A fotografia foi tomada visando focar a direção sul de Teresina, pois não se vê no horizonte nada que lembre a Praça Saraiva, a Igreja das Dores, o prédio do Diocesano ou qualquer evidência urbana existente nesse ponto. Talvez seja da década de 1930 tomando como referencial para esta afirmação apenas outras imagens similares da mesma época. A presença de duas pessoas provavelmente se deve a um recurso clássico que pretende mostrar a proporção do que é retratado (A vegetação abundante e a ponte) com a figura humana. Dessa forma se transmite aos demais uma perspectiva mais ou menos fiel do tamanho da edificação construída.

Próximo ao barrocão residiam pessoas em casebres de palha em condições deploráveis de vida e convivendo com um entorno degradado permeado de botecos e prostíbulos, enfim, esquecidos pelo Poder Público. Muitas dessas habitações de palha – principalmente da localidade Palha de Arroz – sofreram na década de 1940 com os incêndios criminosos que visavam afugentar para áreas mais distantes essa população miserável do centro de Teresina, longe dos olhos da elite residente em seus cômodos casarões.

Atualmente os casebres e o barrocão já não existem mais. Transformaram-se em uma área do Centro que em nada lembra o panorama de outrora.

Cruzamento da Rua Barroso com a Avenida José dos Santos e Silva
(Julho de 2015 / Acervo digital Teresina Antiga)

Notas:

(1)
O interventor Landry Sales construiu no lugar chamado Alto da Pitombeira (Foi edificado aí o Liceu Piauiense) uma pousada que descansavam os transeuntes que ali estavam de passagem com seus animais. Os jumentos, mulas, cavalos e éguas, por sua vez, descansavam e pastavam no terreno baixo, que era um riacho.

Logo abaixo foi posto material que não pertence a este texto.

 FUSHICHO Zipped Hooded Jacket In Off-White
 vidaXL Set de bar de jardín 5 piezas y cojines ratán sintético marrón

(2) Fazia parte, no século XIX, da Freguesia das Dores. Era uma rua bastante movimentada durante o dia, mas carente de calçamento e outras melhorias. Pelo decreto lei 144 de 1950 a antiga estrada do Barrocão foi oficialmente denominada em toda sua extensão de Avenida José dos Santos e Silva em homenagem ao comerciante e mestre de obras português que ajudou a edificar vários prédios da Teresina Imperial como o Mercado Público e a Igreja São Benedito.

(3) Iracilde Maria de Moura Fé Lima dá a Baixa do Chicão como sendo a atual Avenida José dos Santos e Silva com inclinação maior entre a Rua Rui Barbosa e a Avenida Joaquim Ribeiro. No cruzamento destas duas vias, segundo ela, havia uma ponte de madeira que ligava a área central à Vermelha, nessa época uma localidade fora dos limites urbanos de Teresina. Nota-se até hoje que o mesmo lugar é um terreno baixo que se prolonga até a uma pequena extensão da Avenida Barão de Gurgueia. IN: LIMA, Iracilde Maria de M. F.. Teresina: Urbanização e Meio Ambiente. Teresina: Instituto Camilo Filho. Revista Scientia et Sapes, vol.1, n.2, 2002.